WASHINGTON (WOOD) — The PFAS crisis that spread to wells, faucets and coffee pots in places like Belmont and Parchment reached Congress Thursday, with calls for a stronger response from the U.S. Environmental Protection Agency.
The latest state reports show that nearly 1.6 million people in Michigan are drinking from public water supplies with at least traces of the likely carcinogen, according to a Target 8 analysis.
U.S. Rep. Debbie Dingell, D-Dearborn, called that unacceptable, “especially when we haven’t even set the standard for what’s safe and what’s not safe.”
The leader of Michigan’s PFAS Action Response Team was among seven experts who testified before the House Energy and Commerce Committee Thursday.
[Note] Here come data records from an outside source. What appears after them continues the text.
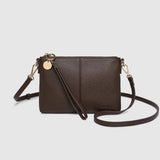 Brown leather crossbody bag on a light gray background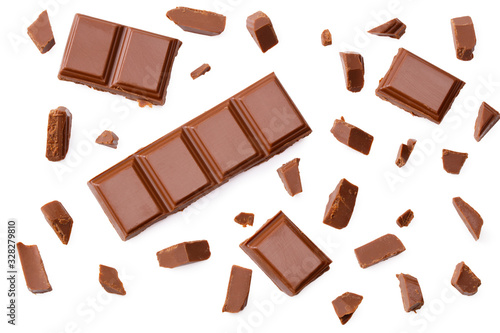Milk chocolate pieces isolated on white background. top view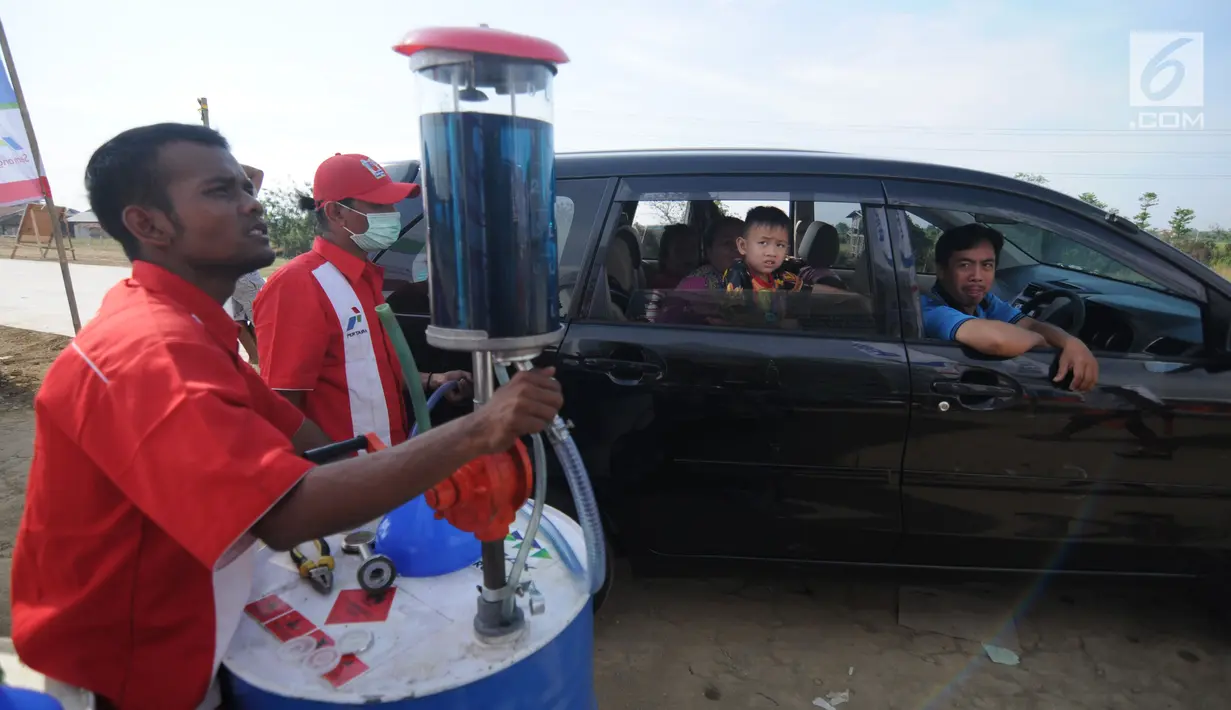 Petugas mengisi bahan bakar minyak (BBM) ke sebuah mobil pemudik di kios Pertamina jalan tol fungsional Brebes Timur-pemalang Km 275, Kabupaten Tegal, Jawa Tengah, Rabu (21/6). (Liputan6.com/Gempur M Surya)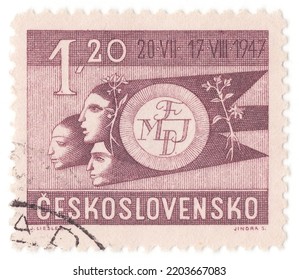 CZECHOSLOVAKIA - 1947 July 20: An 1,20 Korunas Violet-brown Postage Stamp Showing World Federation Of Youth Symbol. World Youth Festival Held In Prague, July 20-Aug. 17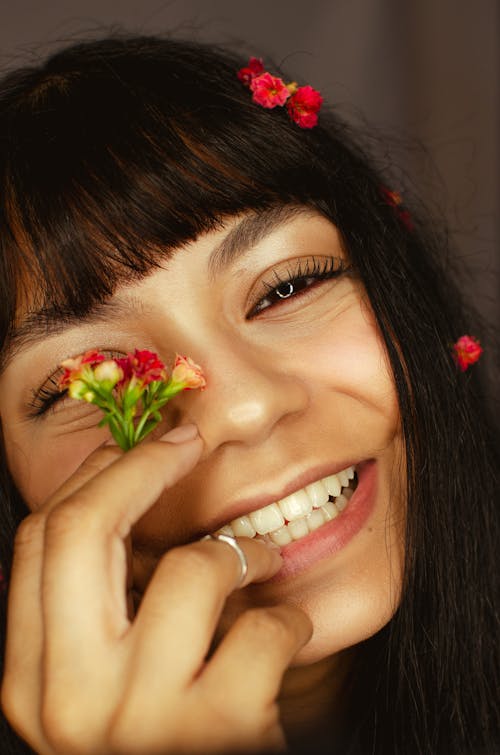 Close-up Shot of a Young Woman Holding Flowers and Smiling 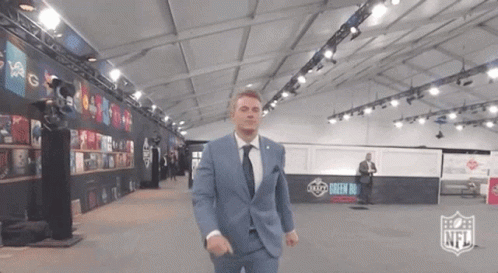 Man in Suit and Tie in Room With NFL Logo
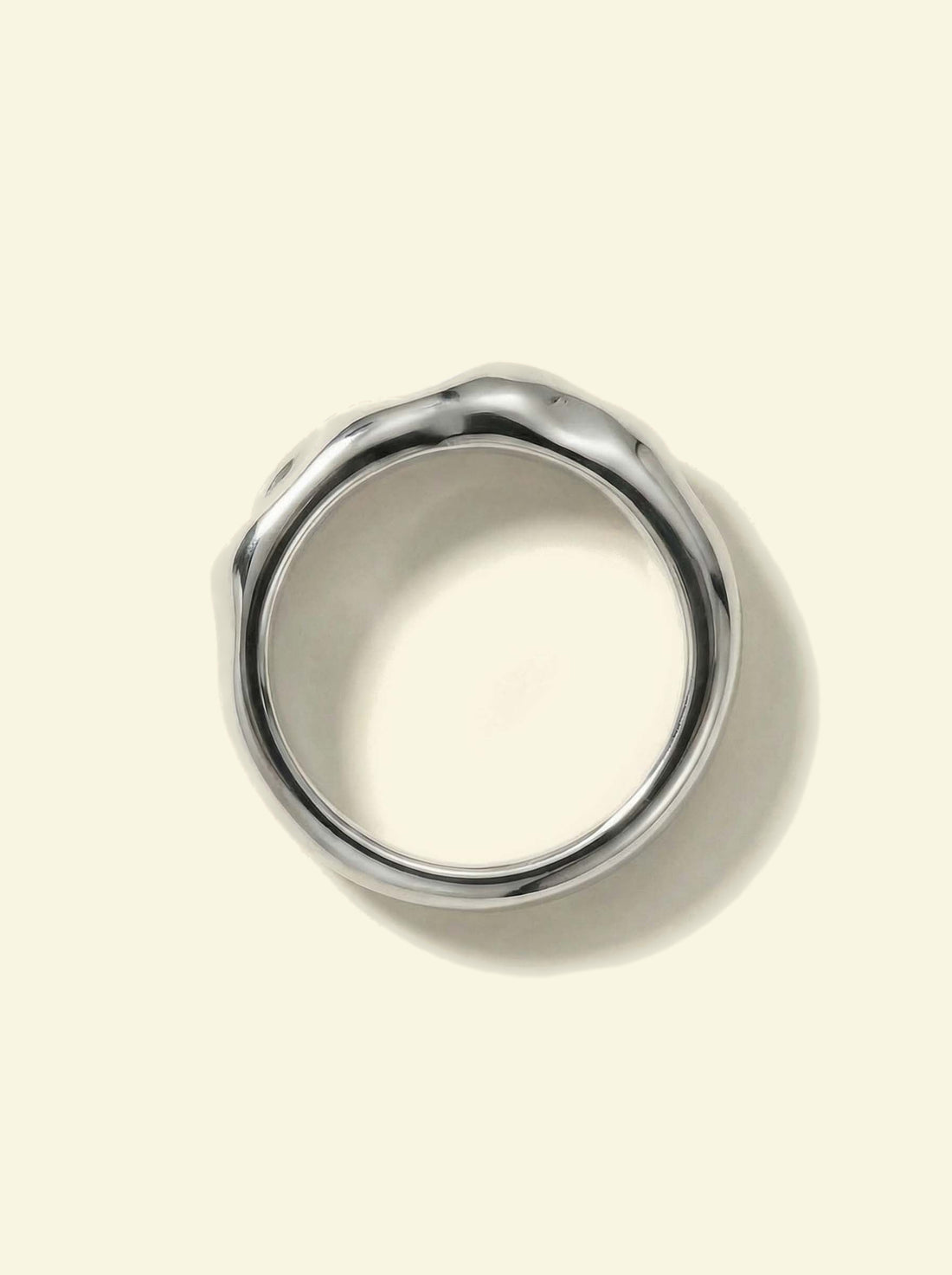 Anvil Ring, silver-tone band seen from above, showing the round opening and uneven surface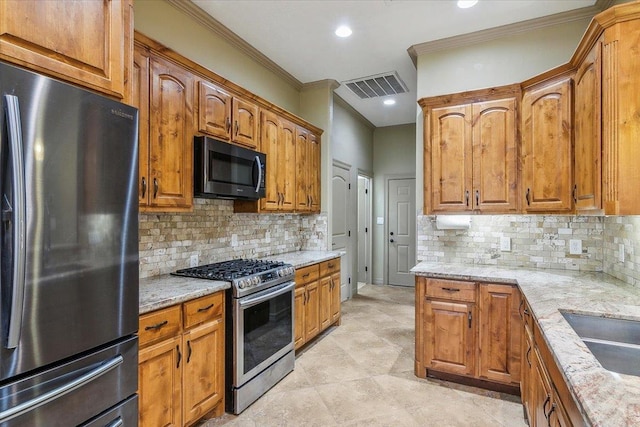 kitchen featuring tasteful backsplash, ornamental molding, stainless steel appliances, and light stone countertops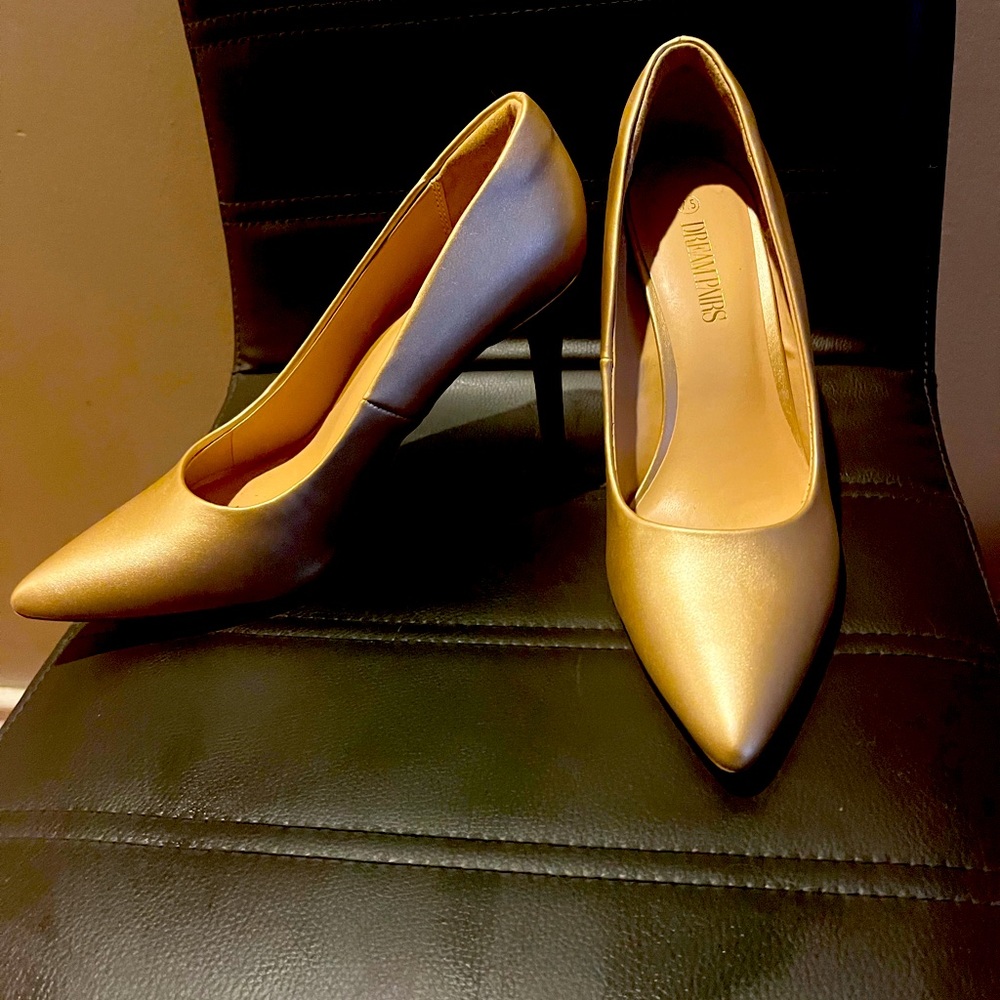 2.5 inch heel. Never worn. Gold pumps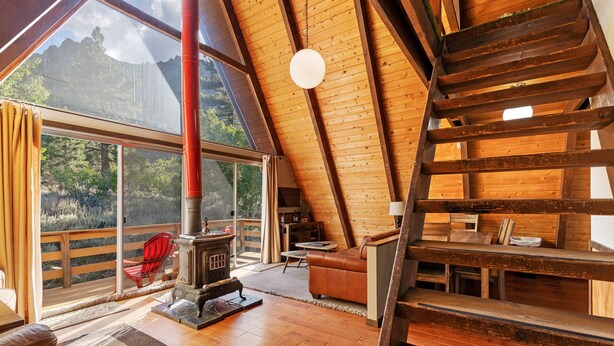 A wooden interior with a fireplace, a sofa, and a staircase. - Four Seasons Cabin 2 (June Lake)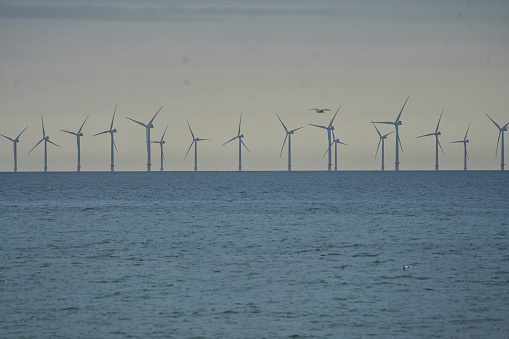 The wind turbines of the UK - Rampion Wind Farm in East Sussex, Brighton, England: Rampion is an offshore wind farm developed by E.ON, operated by RWE, off the Sussex coast in the UK. The wind farm has a capacity of 400 MW (originally 700 MW was planned). The wind farm was commissioned in April 2018 and was the first offshore wind farm for the whole south coast of England.\n\nSea in Brighton, England. The sea and sky sunset over the Atlantic Ocean (The Pond), Sea in Brighton, East Sussex England - The breathtaking scene of the sun setting over the Atlantic Ocean (The Pond), with the sea and sky blending their vibrant hues, captivated spectators on Brighton Beach in East Sussex, England, Europe. calmness in the city.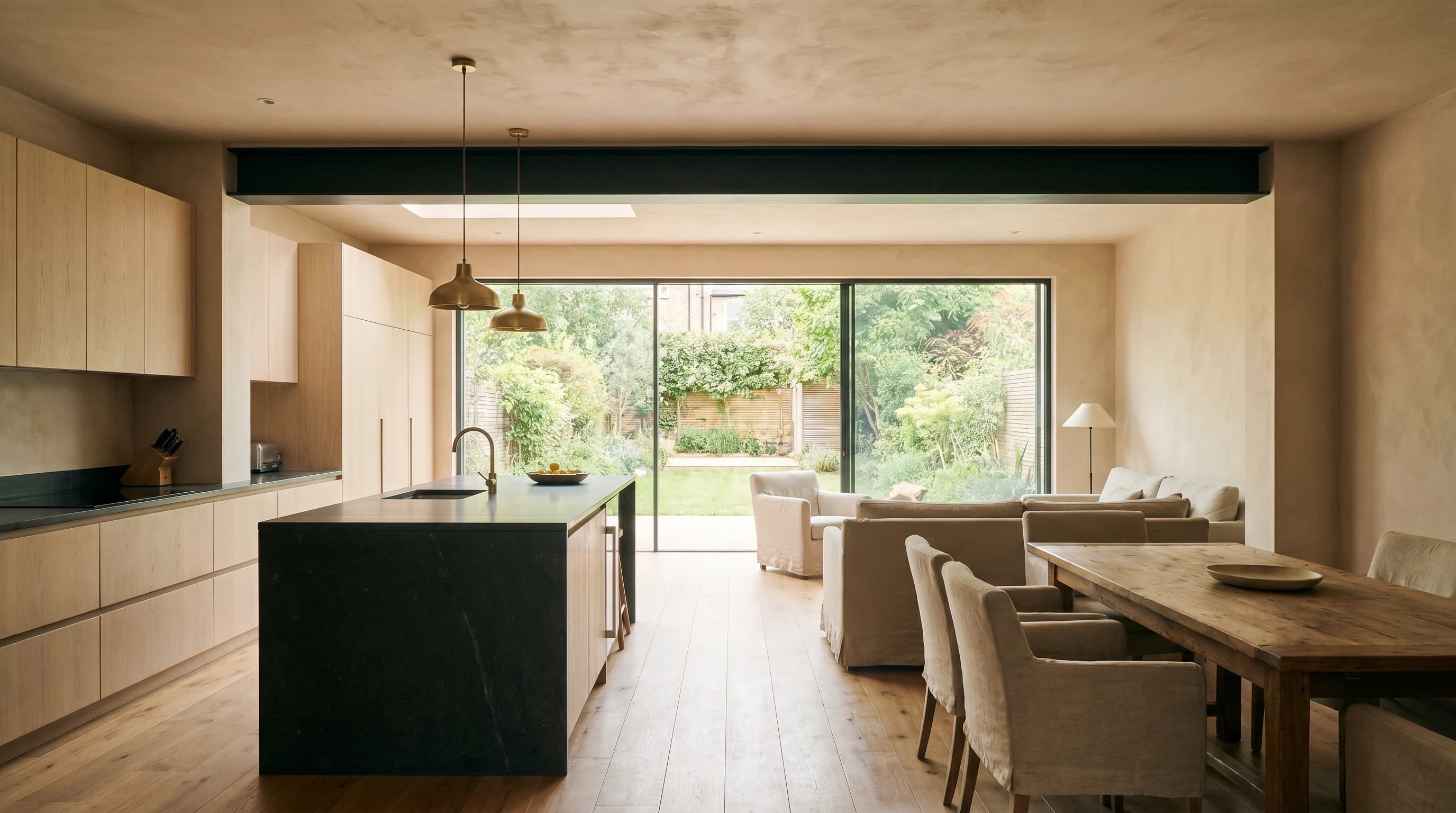 Open-plan London kitchen with an island, fitted units and a steel-beam knock-through opening into the rear reception room.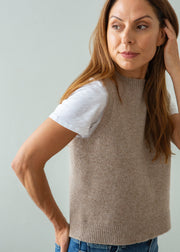 A woman wearing a sleeveless taupe knit sweater vest over a white t-shirt and blue jeans, posing against a light gray background.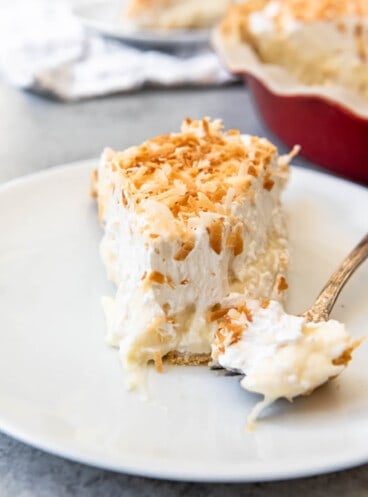 A close image of a slice of coconut cream pie with a bite taken out of it.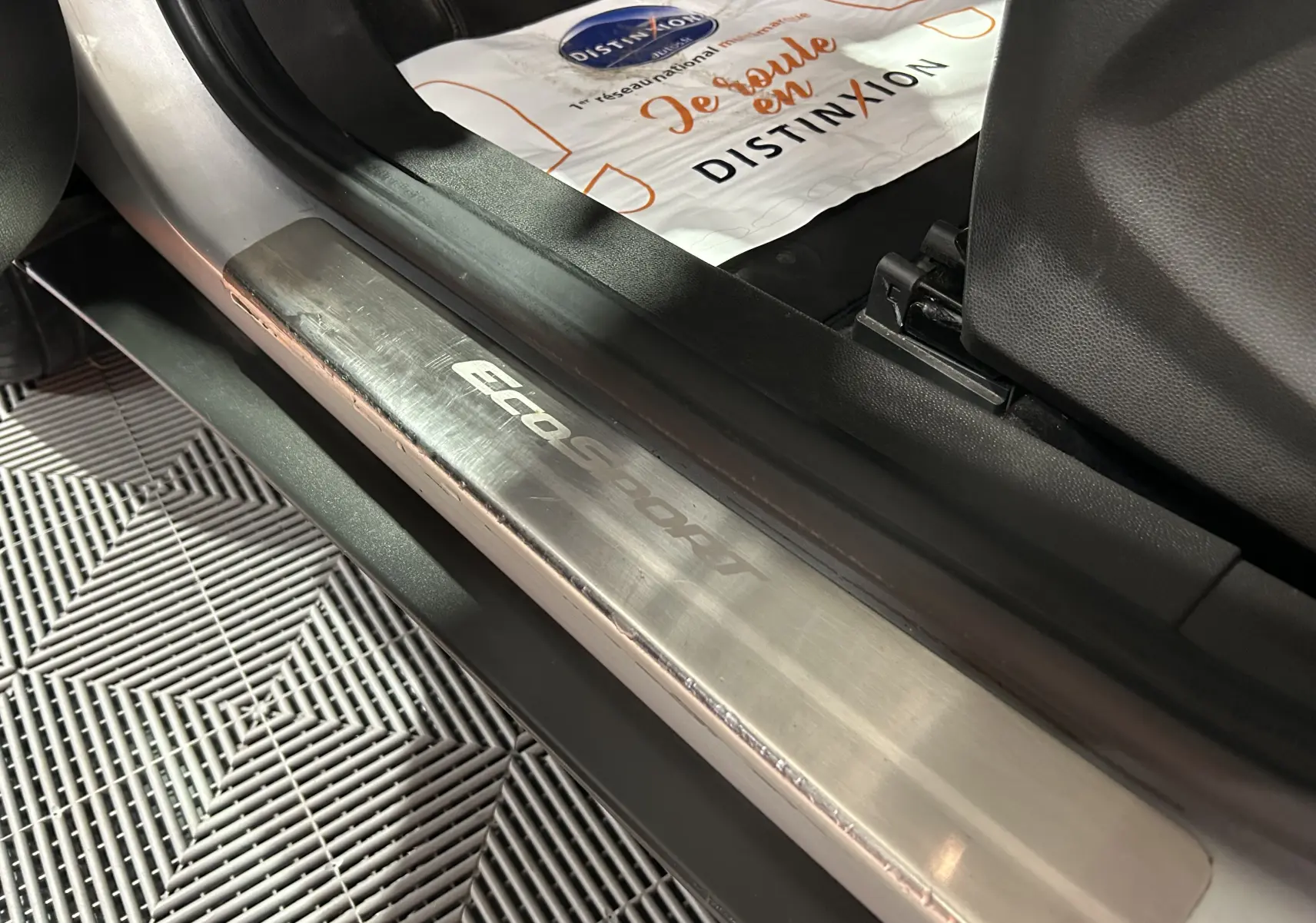 Gros plan sur la plaque de seuil de porte avant gauche du Ford EcoSport gris, mettant en valeur le logo EcoSport.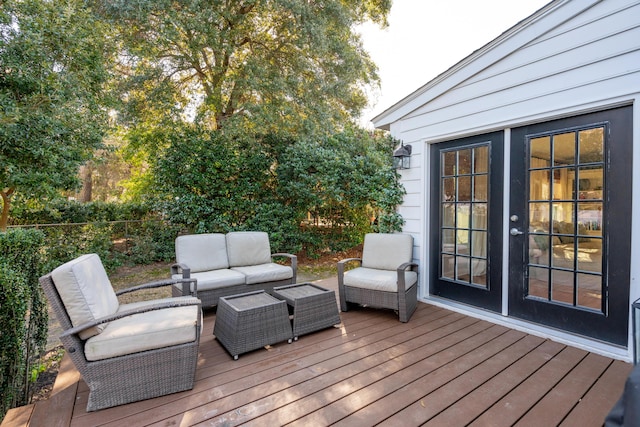 wooden terrace with outdoor lounge area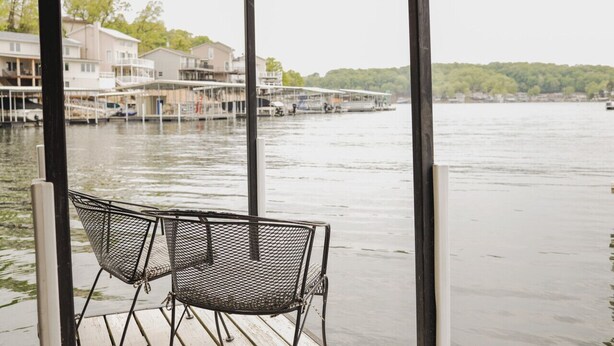 A view of a waterfront property with a covered deck, two metal chairs, and a calm river with boats and buildings in the background. - Waterfront Cottage & Dock w/ Beautiful View - 5MM (Rocky Mount)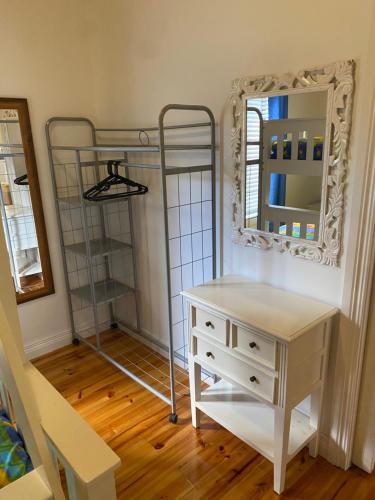 a bedroom with a dresser and a mirror and a shelf at Banksia Views in Sandy Point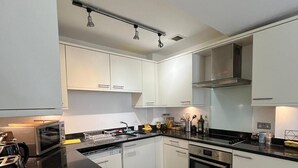 Uma cozinha moderna com armários brancos, bancada preta e eletrodomésticos de aço inoxidável.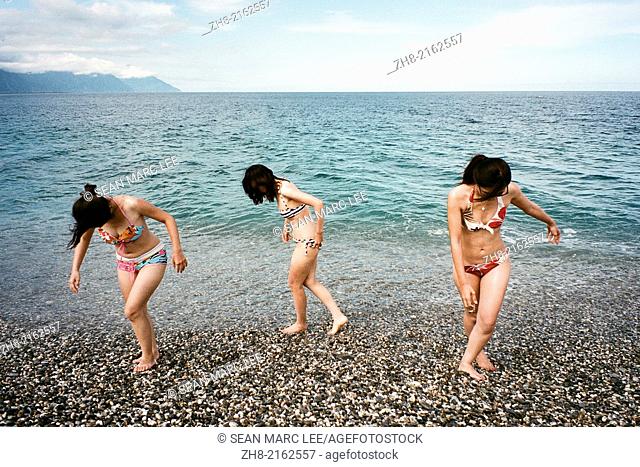 Three young woman in swimsuits dancing on a rocky beach in Taiwan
“This is a national issue,” Carol Isaacs, director of MPART, told the panel. “The states can’t do it all. We need our federal partners, we need our Congress.”
>>App users: Watch the PFAS hearing here.
Among the Michigan cities with trace amounts of PFAS in public water: Grand Rapids, Kalamazoo and Wyoming.
More than 50 public water systems in Michigan have some level of contamination, including some mobile home parks, according to the Michigan Department of Environmental Quality, which continues to test water supplies statewide. Those numbers don’t include hundreds of tainted private wells in places like Belmont and near Parchment.
Michigan has identified 35 PFAS source sites, from Wolverine Worldwide’s old dump in Belmont, to Wurtsmith Air Force Base, contaminating wells and leading to fears of cancer.
>>Inside woodtv.com: Toxic Tap Water
“If I was somebody who had PFAS in my water, I’d drink bottled water until I knew what a safe level was,” Dingell told Target 8 outside the hearing.
Michigan’s three congressional committee members — a Democrat and two Republicans — said they are working together on PFAS.
“Flint was a wake-up call for the conscience of every one of us and we’re going to fight to get this handled, addressed and make sure that our kids, and it’s not just kids, every American should be drinking safe clean water,” Dingell said.
Both Michigan Republicans on the committee, Reps. Fred Upton and Tim Walberg, praised the EPA for its response in Parchment, where high PFAS levels forced 3,000 people to drink bottled water for a month.
“I think they’re doing a better job than they did in Flint,” Walberg said. “Flint, they just walked away without giving insights or mandates that they should have.”
But they said the EPA needs tougher standards for PFAS.
“We’ve seen some walking away from commitments to the environment,” U.S. Rep. Paul Tonko, D-N.Y., said during the hearing. “There can be no more kicking the can down the road.”
The EPA has an advisory level for PFAS in drinking water — 70 parts per trillion. Some called for that to be lowered and to make it enforceable.
“Absolutely it has to be enforceable,” Upton said outside the hearing. “When people turn on their water, they want it to be safe. They don’t want a fear of contamination.”
The committee praised Michigan’s response to the PFAS crisis, with its statewide testing and what they called a quick response in Parchment.
“I think the state has set a pattern for the rest of nation on how to handle it,” Walberg said.
Also Thursday, Upton criticized the U.S. Department of Defense, saying it sat for months on a report that showed extremely dangerous levels of PFAS at the Battle Creek Air National Guard base. One test showed 53,000 parts per trillion, 750 times the EPA advisory limit. Upton got the report on Wednesday.
“When we have a federal agency that knows what contaminated level might be, they need to be fully transparent; we need to find out right away,” Upton told Target 8.
MDEQ spokesman Scott Dean told Target 8 that the agency believes it has pinpointed the source of the PFAS in Parchment. Officials found high levels of the contaminant in tests at the former Crown Vantage paper mill on the Kalamazoo River, which had already been identified as a suspect.
The state has gotten results from tests of 484 public water supplies — from mobile home parks that serve less than 100 to the Great Lakes Water Authority serving more than 3.7 million in southeast Michigan. No PFAS was found at the Great Lakes Water Authority.
While just one of the public water supplies (Parchment’s) has so far tested above the EPA advisory limit, five others would likely violate new lower limits suggested by the Centers for Disease Control and Precvention. They are the cities of Kalamazoo and Plainwell and three mobile home parks: Andrews Mobile Home Park in Plainwell; Spring Valley in the Rockford area and Egelcraft in Muskegon County.
The state also tested 146 schools on well water so far, finding 14 with PFAS.